In church today, the sermon was about the 3rd Commandment (to keep the Sabbath holy). This is something I've been thinking about a lot in recent months. How God created the day FOR us...so that we can have a day of rest. And it's a day to listen and talk to God. I'm not sure how far I could get with my family with taking away technology, tv, SPORTS, etc. But, I'm thinking that if I'm gonna try to make some changes, I oughta do it before football season starts again! At my normal Wednesday afternoon library visit today, I came across a book, "Sabbath: Finding Rest, Renewal, and Delight in our Busy Lives". It sounds kinda like what I'm trying to achieve in my life as a whole, so I'm hoping for some good inspiration.

My dog is still sick.
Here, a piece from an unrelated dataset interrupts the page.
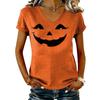 Maglione casual da donna a maniche corte con scollo a V e stampa di Halloween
Her frequent peeing is getting out of hand again, despite having been on antibiotics for almost 3 weeks. She even peed on the carpet today...not a normal thing. So, a chat with the vet will be on my agenda for Friday. Yippee!
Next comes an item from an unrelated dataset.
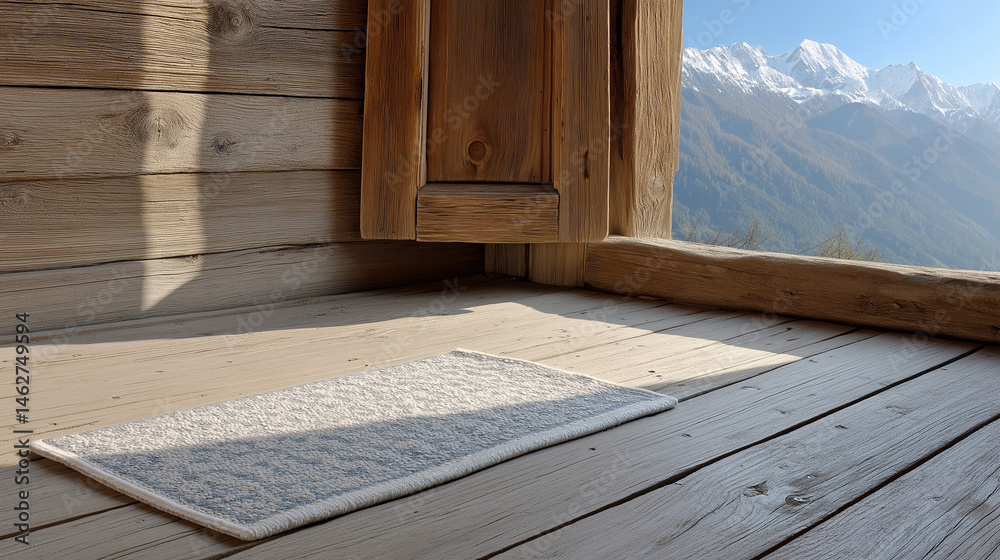 Intricately Patterned Prayer Rug on Weathered Wooden Floor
And finally, I thought I'd share a couple of projects I did for my wonderful and talented friend, Jenn, as an honored member of her blog/etsy shop Design Team. She creates fantastic journaling spots for scrapping and card making. She's super-duper talented!


Now, I must "hang-up" my keyboard before I start in on the economy and the goverment that I'm fighting daily not to hate. Mr. Obama: "We will do away with all EARMARKS". Really, Mr. President? So, those 9,000 earmarks in your SPENDING bill don't really count? Oh, and I think that your really great idea to do away with charitable deductions during a recession/depression is fabulous! I mean, it's not like charities are hurting right now. Nor are they needed by all of those who are in financial straits. And this is personal to me. Forget that I'm a Christian, and I feel that charitable giving is a personal decision...one that is made to feed one's heart. That's one reason for the Liberals to punish me...but I'll save that for another day. But I'm the mother of a diabetic. We rely on charitable giving to fund research. You know, for a cure? Thank you, Mr. Obama, for possibly setting us back YEARS in that research. But I know what your answer (and those of most of our Congressmen) will be....You know so much better than I how to spend my money. Cuz you're such a smart, Harvard-educated politician...and I'm just a dumb hick from some small town. Do you all sense my anger and sarcasm?